[Work order] Below are some records; copy them word for word and drop the pictures.

* * * * * * * * *

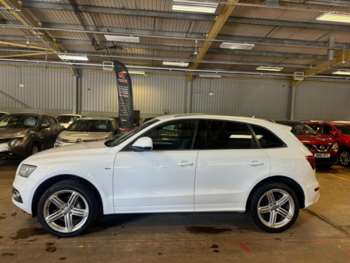Used Audi Q5 2013 for sale - 75087463: Photo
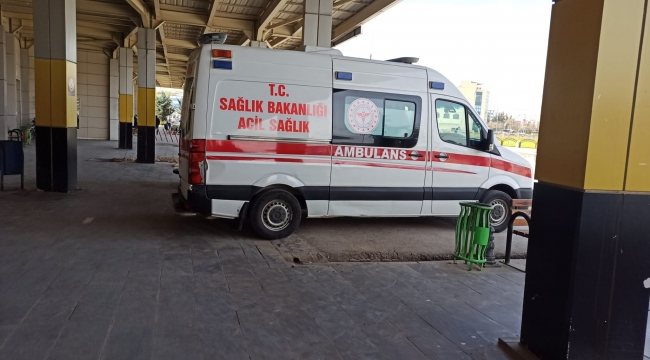Şanlıurfa'da Polis Takibi Dramatik Şekilde Sonlandı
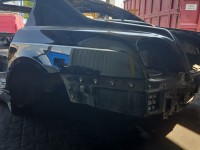 Błotnik tył lewy ćwiartka Bentley Continental I 05-13 L041 sedan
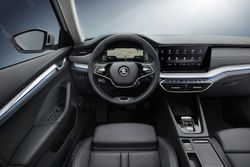 SKODA OCTAVIA Interieur_116221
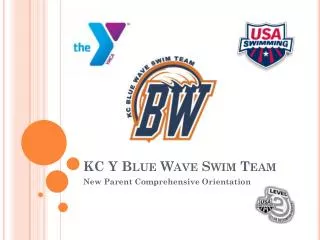 KC Y Blue Wave Swim Team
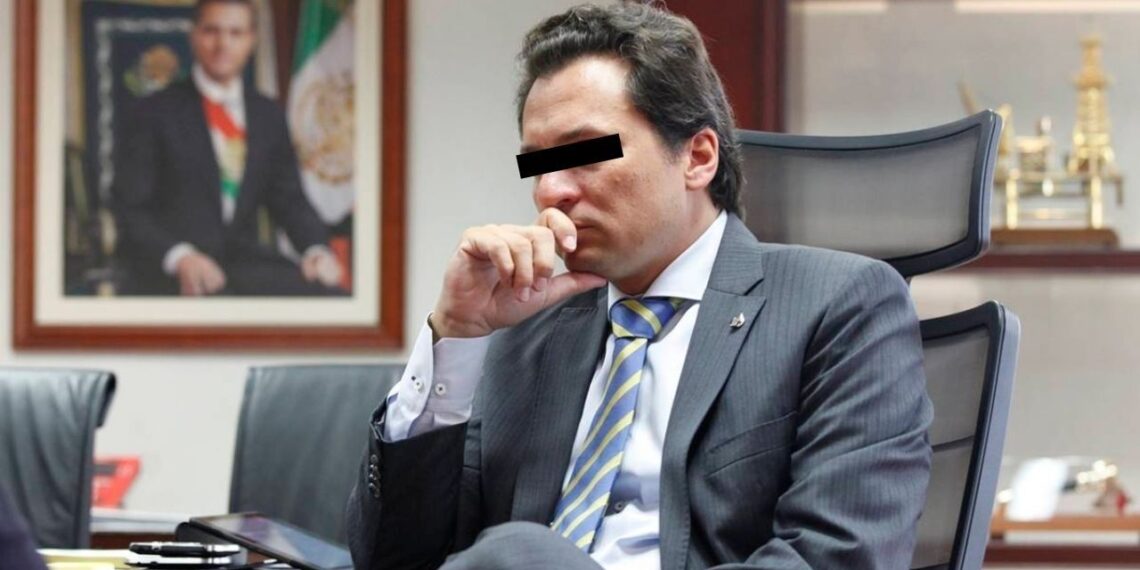 FGR se niega a devolver residencia asegurada de Emilio Lozoya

* * * * * * * * *

[Task output]
Used Audi Q5 2013 for sale - 75087463: Photo
Şanlıurfa'da Polis Takibi Dramatik Şekilde Sonlandı
 Błotnik tył lewy ćwiartka Bentley Continental I 05-13 L041 sedan
 SKODA OCTAVIA Interieur_116221
 KC Y Blue Wave Swim Team
 FGR se niega a devolver residencia asegurada de Emilio Lozoya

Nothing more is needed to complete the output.